In a related proceeding instituted on August 26, 2004, the Commission issued an Order Instituting Proceedings pursuant to Section 12(j) of the Exchange Act against UST. As part of its settlement with the Commission, UST consented to entry of the Commission's Order, which deregisters the company's common stock pursuant to Section 12(j) of the Exchange Act. [See SEC Administrative Proceedings Release No. 34-50273, August 26, 2004].
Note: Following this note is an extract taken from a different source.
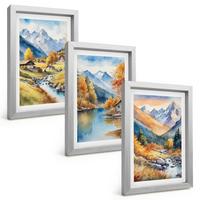 BILDER SET 3er Set - 20x30 cm Silberner Rahmen - Herbstliche Berge, Flusshäuser - Silberfarben, Kunststoff (20/30cm) - TULUP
The Commission's complaint in the case alleged that from June 1998 through August 2002, UST's Chief Executive Officer, C. Gregory Earls, misappropriated approximately $13.8 million from investors who believed they were giving Earls money to purchase preferred stock and warrants from UST. According to the complaint, Earls carried out this scam through a limited liability company he created called USV Partners LLC. The complaint charged that Earls falsely told investors in USV Partners that the entity was created solely to purchase and hold UST stock and warrants, and that he would not take any management fees. According to the complaint, Earls lured more than one hundred investors into giving him more than $20 million to purchase UST stock and warrants through USV Partners. Although UST badly needed the capital infusion, according to the complaint, Earls bought only a small portion of the stock he promised investors. He then allegedly misappropriated $13.8 million of their money by paying himself $4.7 million in management fees and $9.1 million that he falsely classified as "Legal and Accounting" expenses. As alleged in the complaint, neither UST nor Earls has ever publicly disclosed Earls' diversion of these investor funds.

On April 23, 2004, in a related criminal proceeding, a jury convicted Earls of 22 counts of securities fraud, mail fraud and wire fraud arising out of the same events and activities alleged in the Commission's complaint. United States v. C. Gregory Earls, No. 02-MAG-531 (S.D.N.Y.).

For further information regarding this case, see Litigation Release No. 17904 (December 19, 2002) and Litigation Release No. 18031 (March 12, 2003).